Lizbeth, of Lars Eighner‘s Travels With Lizbeth, died on September 25, at the age of 13 years and seven months. In a local Usenet posting on austin.general, Eighner responded to a fan’s commisseration with Eighner and his loss by reporting that although Lizbeth “had been feeble for several months, she was alert and comfortable until very near the end and did not appear to suffer greatly.” For anyone who hasn’t read Travels With Lizbeth, Lizbeth was Eighner’s loyal black Lab who followed him on the cross-country treks he writes about in Travels; judging from the book, she was a good dog.


Mixed Notes

Congratulations to Louis Sachar, author of Holes, one of five finalists for the National Book Award in the Young People’s Literature category. Winners will be announced Wednesday, November 18. over 900 titles were submitted by 197 publishers and imprints for consideration for the awards (other categories are fiction, nonfiction, and poetry)…

Isn’t a public intellectual someone who is able to transmit “the big ideas” to a wide readership without talking down to those readers or bastardizing the subject matter? And aren’t successful public intellectuals few and far between? Perhaps so, but David Montejano, director of UT’s Center for Mexican American Studies, has plans to foster an environment at CMAS that will develop the faculty’s ability to interact with the public on a more regular basis. Montejano and vice-provost Ricardo Romo recently attended a Latino Issues meeting at UCLA with about 30 faculty members (most of them from the University of California system) “to discuss the current situation in light of the various ‘anti-Latino’ propositions that have passed in California in recent years.” Montejano says that defense of programs like immigrant services, affirmative action, and bilingual education “has almost entirely been based on a model of ‘victimization.'” “Rather than dwell on a history of victimization, we need to focus on a future of empowerment,” Montejano writes in the October edition of the CMAS newsletter, Noticias de CMAS. That’s where the idea of faculty playing a more interactive role with the public comes in.

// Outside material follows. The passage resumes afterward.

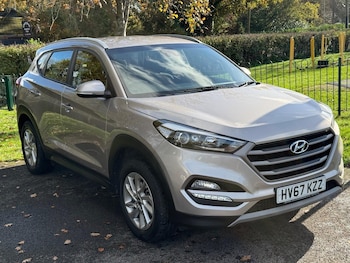 Used Hyundai TUCSON 2017 for sale - 76521045: Photo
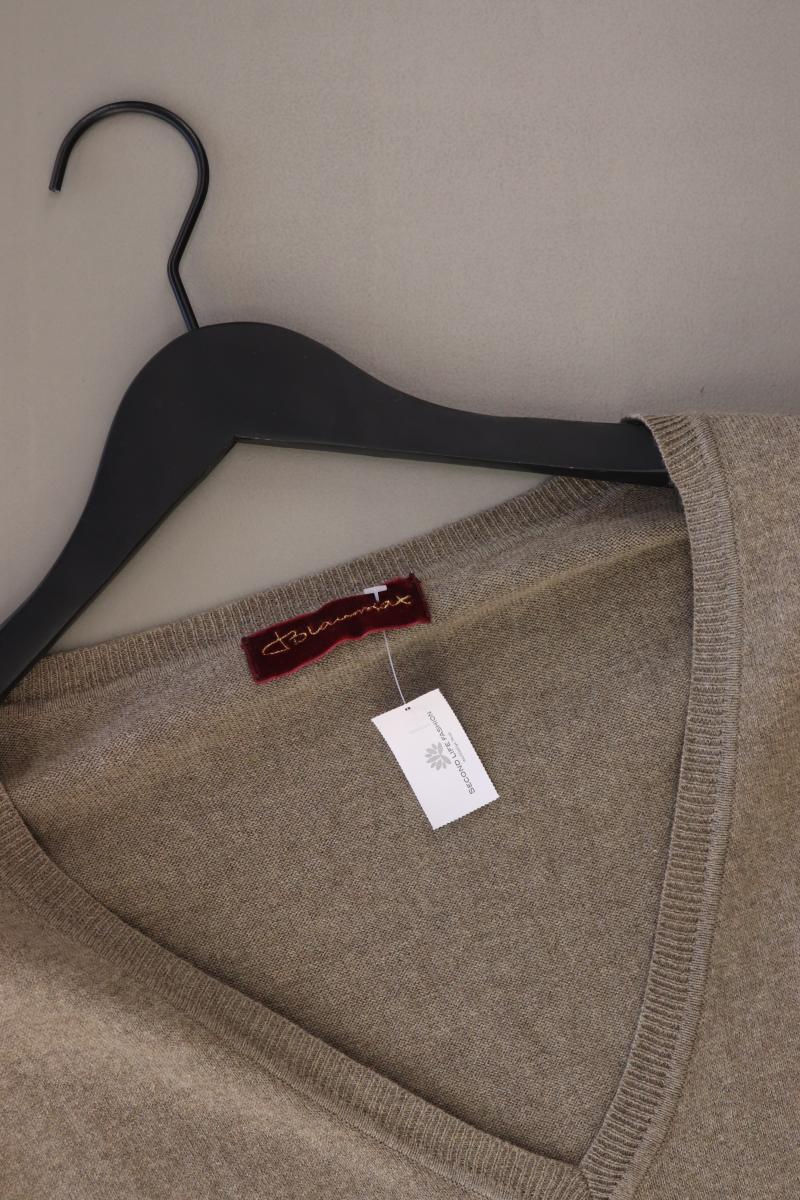 Blaumax Kurzarmkleid Gr. L braun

Asked how he intends to implement this interaction, Montejano says that “Right now I’m thinking in fairly basic terms —
op-ed pieces, magazine articles, radio & TV interviews, and so on. As director of a center, I have some resources I can use to encourage the faculty, especially the tenured faculty, to get involved. On the other, I imagine there already are motivated faculty who lack only structured opportunities.” As he writes in the newsletter, “To put it in a more pithy way: Forget the Alamo; we have work to do.”


Events

Book Woman and Folktales host a reading and signing celebrating the release of Sharon Bridgforth‘s new book bull-jean stories (RedBone Press, $12 paper) at Hyde Park Theatre, Sunday, October 25, 5pm. Bridgforth will also be reading at Resistencia Bookstore, Wednesday, October 28, 7:30pm…

Desert Books (1904 Guadalupe, in the basement of Bank One), is hosting a reception for Leticia Garza-Falcon, director of the Center for Multicultural and Gender Studies at Southwest Texas State University, in honor of her new book, Gente Decente: A Borderlands Response to the Rhetoric of Dominance, on Friday, October 23, 4pm…

Barnes & Noble Arboretum features Kinky Friedman in a live musical performance and book signing of Blast From the Past on Thursday, October 29, 7:30pm.